About 70% of Exeter’s city wall is still standing and although many changes to the wall have taken place over the years, it still encircles the city in much the same way as when the Romans built it to protect their fortress after they arrived in AD 55.
When they left in 410, the Saxons gained control and were forced to repair the wall in order to see off the regular Viking raids. However, when the Normans arrived, not only did they reinforce the wall, they also built a castle which had the job of repelling sieges and rebellions right up until the Civil War.
What’s left of the wall today is a mixture of stone and building styles from the Roman period onwards. None of the city gates have survived but the Visitor Information office in Dix’s Field provides a City Wall Trail leaflet that describes what’s left in more detail. Bear in mind though that the 2-mile-long walk isn’t as complete or as walkable as say somewhere like Chester.
If walking the whole of the City Wall Trail isn’t for you then I can recommend following the section from the city centre down to the Quayside. It basically follows the same route as Southernhay and can be picked up near to the Princesshay shopping centre or from the bottom of Cathedral Close.
This part of the wall is the most pleasurable to walk and there’s also something worth reaching at the end of it.
One of my favourite parts of the city centre is the Northern Quarter where part of the city wall and remains of the castle are incorporated into Rougemont and Northernhay Gardens.
Built for William the Conqueror in 1068 on the city’s highest vantage point, Rougemont Castle sits just within the north-eastern part of the city walls, and is named after the red rock that it was built on – and out of.
Its medieval history was fairly uneventful apart from a siege by King Stephen in 1136, and by the end of the Civil War its purpose as a military stronghold had come to an end.
In the 1770s much of the original Norman castle was demolished to make way for a courthouse which became its main use right up until 2004.
So, what is there to see? There’s the city wall of course, and Athelstan’s Tower, but the main feature is undoubtedly the impressive Norman Gatehouse. On an adjacent wall there’s also a plaque remembering an occasion when the court was used to try 4 witches, and who were subsequently hung in the local prison.
In 2004 new courts were built which could have allowed the buildings occupied by the previous court to have been opened up to the general public, but the local council couldn’t find sufficient funds to enable it to happen.
Consequently, in 2007 the buildings were sold to a private development company and the Grade I and II listed buildings are now being used for weddings, conferencing, corporate events, apartments and occasional public events, which means that another important part of our heritage has been lost to the private sector. Some people would argue that at least the buildings are still being cared for, and that’s true I suppose, but it’s a shame that it couldn’t be put to better public use.
Rougemont Gardens follows the contour of the castle’s defensive wall and (dry) moat into Northernhay Gardens.
The land which is now Northernhay Gardens was where the Romans quarried the stone for their city wall, and which later became part of the castle’s defences.
It seems as though the city authorities back in 1612 were less commercially minded than they are today because they created what has been called “the oldest public space in the country” when the area was transformed for the use of its local citizens.
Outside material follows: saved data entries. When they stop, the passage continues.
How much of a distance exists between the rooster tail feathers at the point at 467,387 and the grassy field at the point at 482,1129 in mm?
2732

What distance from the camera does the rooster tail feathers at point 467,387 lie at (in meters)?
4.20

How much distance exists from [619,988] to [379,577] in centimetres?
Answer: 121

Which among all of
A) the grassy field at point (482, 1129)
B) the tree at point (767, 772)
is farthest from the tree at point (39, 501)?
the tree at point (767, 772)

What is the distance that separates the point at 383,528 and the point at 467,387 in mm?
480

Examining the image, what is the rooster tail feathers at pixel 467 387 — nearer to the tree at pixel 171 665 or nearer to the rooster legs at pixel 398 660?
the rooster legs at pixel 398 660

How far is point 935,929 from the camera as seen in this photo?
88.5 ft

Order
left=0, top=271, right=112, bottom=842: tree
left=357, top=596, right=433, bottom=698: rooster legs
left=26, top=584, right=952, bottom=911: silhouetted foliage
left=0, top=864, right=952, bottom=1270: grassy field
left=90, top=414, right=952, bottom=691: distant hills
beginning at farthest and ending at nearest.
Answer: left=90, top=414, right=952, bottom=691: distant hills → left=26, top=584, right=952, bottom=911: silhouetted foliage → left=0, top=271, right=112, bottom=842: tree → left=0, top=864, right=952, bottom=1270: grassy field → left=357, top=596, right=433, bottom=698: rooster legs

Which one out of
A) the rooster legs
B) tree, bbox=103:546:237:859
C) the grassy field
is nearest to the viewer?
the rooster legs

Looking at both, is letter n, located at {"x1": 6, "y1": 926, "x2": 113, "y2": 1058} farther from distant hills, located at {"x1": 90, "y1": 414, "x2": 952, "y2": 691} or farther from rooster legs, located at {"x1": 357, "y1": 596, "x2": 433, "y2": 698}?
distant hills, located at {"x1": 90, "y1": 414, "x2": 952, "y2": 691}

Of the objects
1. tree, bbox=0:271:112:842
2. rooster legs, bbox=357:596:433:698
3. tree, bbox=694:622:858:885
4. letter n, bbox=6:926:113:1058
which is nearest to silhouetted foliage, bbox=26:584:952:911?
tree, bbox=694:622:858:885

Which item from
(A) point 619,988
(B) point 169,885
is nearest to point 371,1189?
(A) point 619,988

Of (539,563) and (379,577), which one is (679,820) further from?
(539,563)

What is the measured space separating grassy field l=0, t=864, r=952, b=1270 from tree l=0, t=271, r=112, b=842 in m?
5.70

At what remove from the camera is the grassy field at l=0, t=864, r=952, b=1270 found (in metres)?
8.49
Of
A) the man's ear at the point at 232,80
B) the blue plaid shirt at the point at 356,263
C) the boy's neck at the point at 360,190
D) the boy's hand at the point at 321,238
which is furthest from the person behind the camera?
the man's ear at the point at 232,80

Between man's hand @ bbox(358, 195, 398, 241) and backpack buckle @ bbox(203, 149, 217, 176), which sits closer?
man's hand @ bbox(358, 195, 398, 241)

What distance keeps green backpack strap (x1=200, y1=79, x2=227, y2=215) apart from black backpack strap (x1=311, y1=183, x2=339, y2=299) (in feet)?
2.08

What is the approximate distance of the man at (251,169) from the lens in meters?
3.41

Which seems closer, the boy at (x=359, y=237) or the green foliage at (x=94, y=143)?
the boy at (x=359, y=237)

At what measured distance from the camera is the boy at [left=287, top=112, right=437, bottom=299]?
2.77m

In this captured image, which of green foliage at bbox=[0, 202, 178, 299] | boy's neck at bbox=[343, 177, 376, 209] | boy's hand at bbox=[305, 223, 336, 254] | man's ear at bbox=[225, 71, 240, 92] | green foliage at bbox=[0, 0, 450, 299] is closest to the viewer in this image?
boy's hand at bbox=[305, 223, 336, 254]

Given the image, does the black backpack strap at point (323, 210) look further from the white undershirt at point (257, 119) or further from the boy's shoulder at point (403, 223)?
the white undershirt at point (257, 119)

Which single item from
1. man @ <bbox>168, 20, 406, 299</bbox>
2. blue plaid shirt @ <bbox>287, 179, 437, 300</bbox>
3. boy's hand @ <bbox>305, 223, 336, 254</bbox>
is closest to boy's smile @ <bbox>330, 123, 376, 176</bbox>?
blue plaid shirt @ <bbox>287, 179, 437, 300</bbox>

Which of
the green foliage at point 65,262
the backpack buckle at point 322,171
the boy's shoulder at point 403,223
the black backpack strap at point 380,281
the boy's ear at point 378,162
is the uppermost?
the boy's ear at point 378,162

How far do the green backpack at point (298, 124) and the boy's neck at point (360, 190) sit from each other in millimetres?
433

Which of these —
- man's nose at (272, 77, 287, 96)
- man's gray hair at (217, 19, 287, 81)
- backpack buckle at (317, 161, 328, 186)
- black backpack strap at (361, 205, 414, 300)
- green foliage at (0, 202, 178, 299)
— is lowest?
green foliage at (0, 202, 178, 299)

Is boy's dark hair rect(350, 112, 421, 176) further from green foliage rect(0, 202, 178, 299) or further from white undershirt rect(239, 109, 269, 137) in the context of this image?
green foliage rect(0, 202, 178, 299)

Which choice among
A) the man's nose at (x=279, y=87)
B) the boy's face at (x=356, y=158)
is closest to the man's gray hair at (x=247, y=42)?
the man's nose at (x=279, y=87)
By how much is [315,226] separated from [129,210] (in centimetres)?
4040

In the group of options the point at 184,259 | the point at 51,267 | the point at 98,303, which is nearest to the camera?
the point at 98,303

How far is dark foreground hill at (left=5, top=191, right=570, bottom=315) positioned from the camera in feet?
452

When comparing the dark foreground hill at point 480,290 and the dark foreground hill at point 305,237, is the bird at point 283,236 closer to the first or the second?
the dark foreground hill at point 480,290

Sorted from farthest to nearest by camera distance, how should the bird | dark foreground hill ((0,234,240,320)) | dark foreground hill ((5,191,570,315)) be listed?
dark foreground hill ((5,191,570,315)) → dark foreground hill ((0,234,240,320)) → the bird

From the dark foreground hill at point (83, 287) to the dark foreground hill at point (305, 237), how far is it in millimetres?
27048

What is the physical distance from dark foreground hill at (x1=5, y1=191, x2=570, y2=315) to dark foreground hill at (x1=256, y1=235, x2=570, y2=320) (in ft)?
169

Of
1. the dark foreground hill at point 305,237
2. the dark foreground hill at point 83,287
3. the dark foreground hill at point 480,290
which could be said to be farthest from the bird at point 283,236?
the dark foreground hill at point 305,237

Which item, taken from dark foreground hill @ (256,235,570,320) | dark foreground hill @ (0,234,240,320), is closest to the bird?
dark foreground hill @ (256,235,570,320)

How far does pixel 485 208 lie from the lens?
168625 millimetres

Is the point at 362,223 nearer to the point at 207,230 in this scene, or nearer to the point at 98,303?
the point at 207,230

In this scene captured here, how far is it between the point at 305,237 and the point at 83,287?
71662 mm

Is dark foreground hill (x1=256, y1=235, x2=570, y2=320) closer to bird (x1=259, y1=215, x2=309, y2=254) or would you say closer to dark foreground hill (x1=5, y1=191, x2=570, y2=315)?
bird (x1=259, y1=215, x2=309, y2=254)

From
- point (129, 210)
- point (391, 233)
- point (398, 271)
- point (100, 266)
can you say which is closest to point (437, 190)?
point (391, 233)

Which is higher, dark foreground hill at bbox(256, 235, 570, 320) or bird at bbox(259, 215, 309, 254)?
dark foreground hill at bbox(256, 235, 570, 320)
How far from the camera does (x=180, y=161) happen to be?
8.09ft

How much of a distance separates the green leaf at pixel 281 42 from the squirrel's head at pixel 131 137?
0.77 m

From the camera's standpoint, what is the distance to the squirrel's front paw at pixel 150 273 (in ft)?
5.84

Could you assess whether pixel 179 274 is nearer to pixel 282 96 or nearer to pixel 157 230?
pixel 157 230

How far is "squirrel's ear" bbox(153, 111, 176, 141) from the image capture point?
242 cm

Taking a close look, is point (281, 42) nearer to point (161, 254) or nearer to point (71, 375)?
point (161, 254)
These early gardens didn’t last too long because during the Civil War the castle’s defences were bolstered up with the building of more ditches around its perimeter. By 1664 however, with the restoration of the monarchy, the gardens were brought back to life and have been maintained ever since.
During the Victorian era the gardens not only had a makeover, but also included several monuments, most of which were of locally important figures, but my favourite is the War Memorial by local man John Angel, erected in 1923.
In July 2016, to commemorate the centenary of the Battle of the Somme, Somerset artist Rob Heard installed a temporary reminder of his own in Northernhay Gardens called 19240 Shrouds of the Somme.
The figure of 19240 was the number of British soldiers killed on the first day of the Battle of the Somme (1st July 1916) and in his words he wanted to “physicalise the number”, and for three years he set about hand stitching 19,240 plastic figures.
He had a list of all the names and every time he finished one he would cross their name off. At first, he thought about the circumstances in which each one died, but as he says “I couldn’t cope with that. Your brain capsizes. You end up holding someone’s relative in your hands.” In the end he made a batch at a time and then crossed their names off.
The display lasted for a week and was a very though-provoking occasion with all the names being read out one by one over a tannoy and accompanied by war poems.
Since then Rob has expanded the number of shrouds to 72,396, which was the number of Commonwealth servicemen killed at the Somme with no known grave. In July 2018 he came back to Northernhay Gardens with a second exhibition, which he then took to a final resting place at the Queen Elizabeth Park in London during the armistice commemoration in November.
It seems that from the days of the Romans right through to the modern-day wars have taken many lives – and unfortunately, I don’t see that changing any time soon. If only the people responsible would ‘physicalise’ their thoughts like Rob Heard before going to war then there might – just might – be hope for the future, but I’m not holding my breath.